━━ Records for the exercise

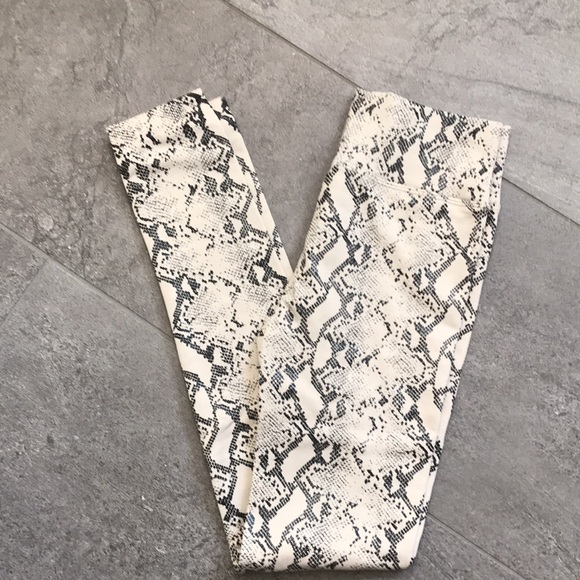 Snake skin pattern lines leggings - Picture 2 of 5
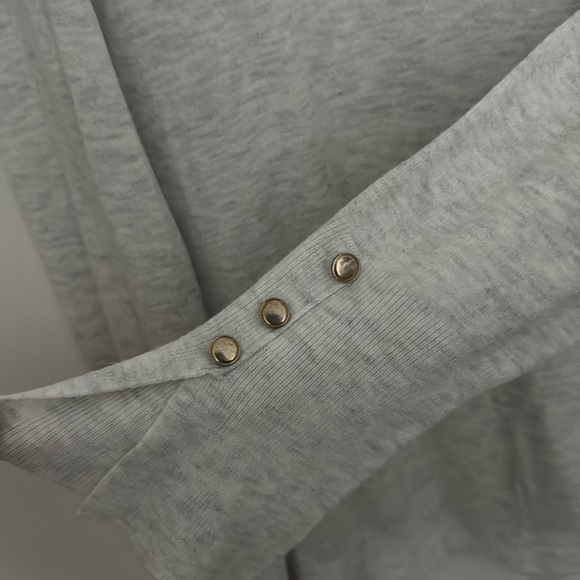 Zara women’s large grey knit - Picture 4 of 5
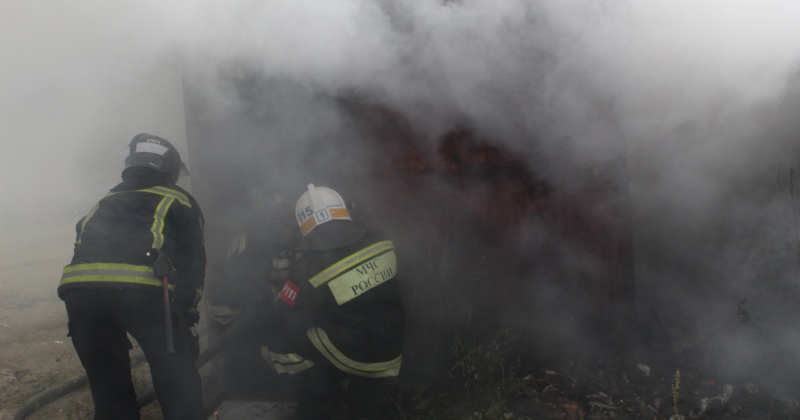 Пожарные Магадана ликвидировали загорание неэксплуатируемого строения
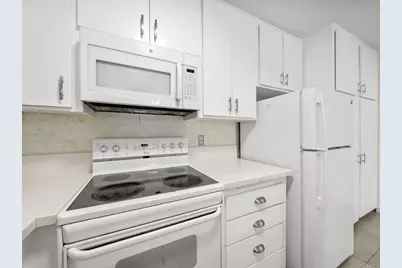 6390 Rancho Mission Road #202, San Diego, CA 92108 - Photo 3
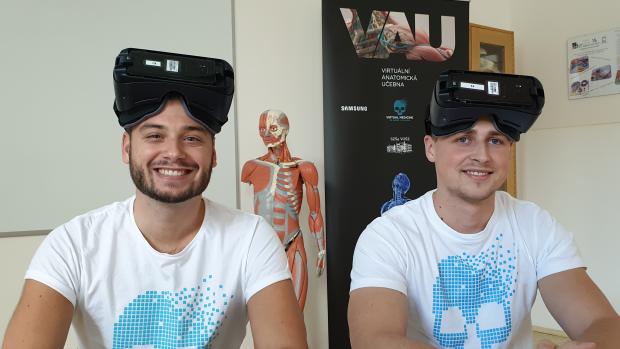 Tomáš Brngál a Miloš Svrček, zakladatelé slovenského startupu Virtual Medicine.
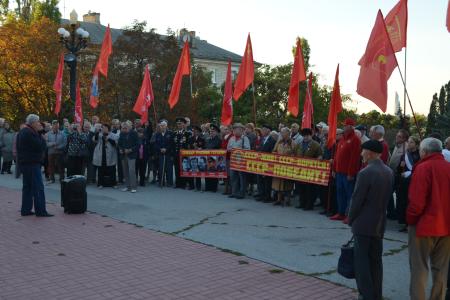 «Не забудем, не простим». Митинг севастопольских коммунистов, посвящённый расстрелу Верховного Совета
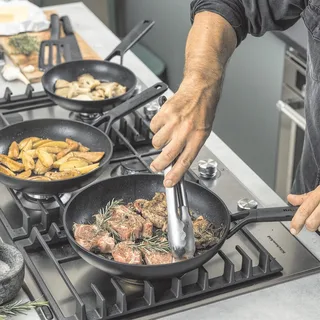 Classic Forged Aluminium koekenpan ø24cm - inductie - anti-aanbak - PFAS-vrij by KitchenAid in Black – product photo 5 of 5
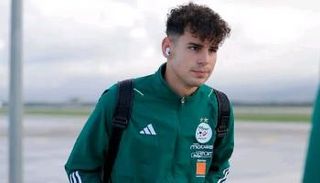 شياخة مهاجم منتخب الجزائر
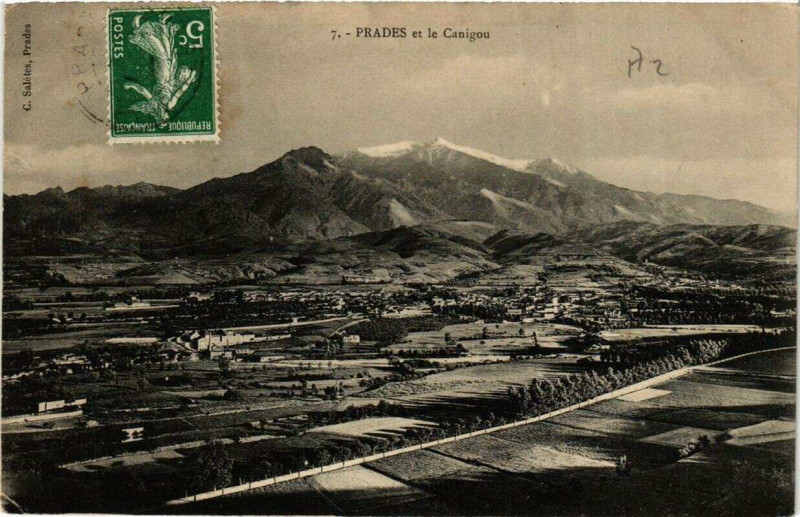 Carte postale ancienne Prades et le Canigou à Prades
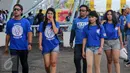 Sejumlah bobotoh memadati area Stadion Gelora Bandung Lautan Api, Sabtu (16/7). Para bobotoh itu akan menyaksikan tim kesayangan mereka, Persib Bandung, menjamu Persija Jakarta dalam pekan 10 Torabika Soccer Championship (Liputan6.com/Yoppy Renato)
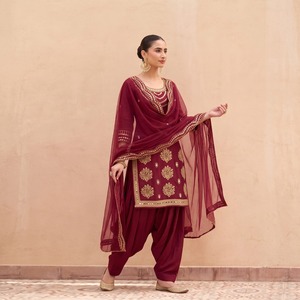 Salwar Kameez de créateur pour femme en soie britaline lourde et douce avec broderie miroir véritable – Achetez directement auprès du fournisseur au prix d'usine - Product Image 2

━━━━

__Activity__
Exactly the lines from the line containing "расстрелу Верховного Совета" to the end of the records need to be copied, both ends included, with pictures left out.

__Answer to the exercise__
 «Не забудем, не простим». Митинг севастопольских коммунистов, посвящённый расстрелу Верховного Совета
 Classic Forged Aluminium koekenpan ø24cm - inductie - anti-aanbak - PFAS-vrij by KitchenAid in Black – product photo 5 of 5
 شياخة مهاجم منتخب الجزائر
 Carte postale ancienne Prades et le Canigou à Prades
 Sejumlah bobotoh memadati area Stadion Gelora Bandung Lautan Api, Sabtu (16/7). Para bobotoh itu akan menyaksikan tim kesayangan mereka, Persib Bandung, menjamu Persija Jakarta dalam pekan 10 Torabika Soccer Championship (Liputan6.com/Yoppy Renato)
 Salwar Kameez de créateur pour femme en soie britaline lourde et douce avec broderie miroir véritable – Achetez directement auprès du fournisseur au prix d'usine - Product Image 2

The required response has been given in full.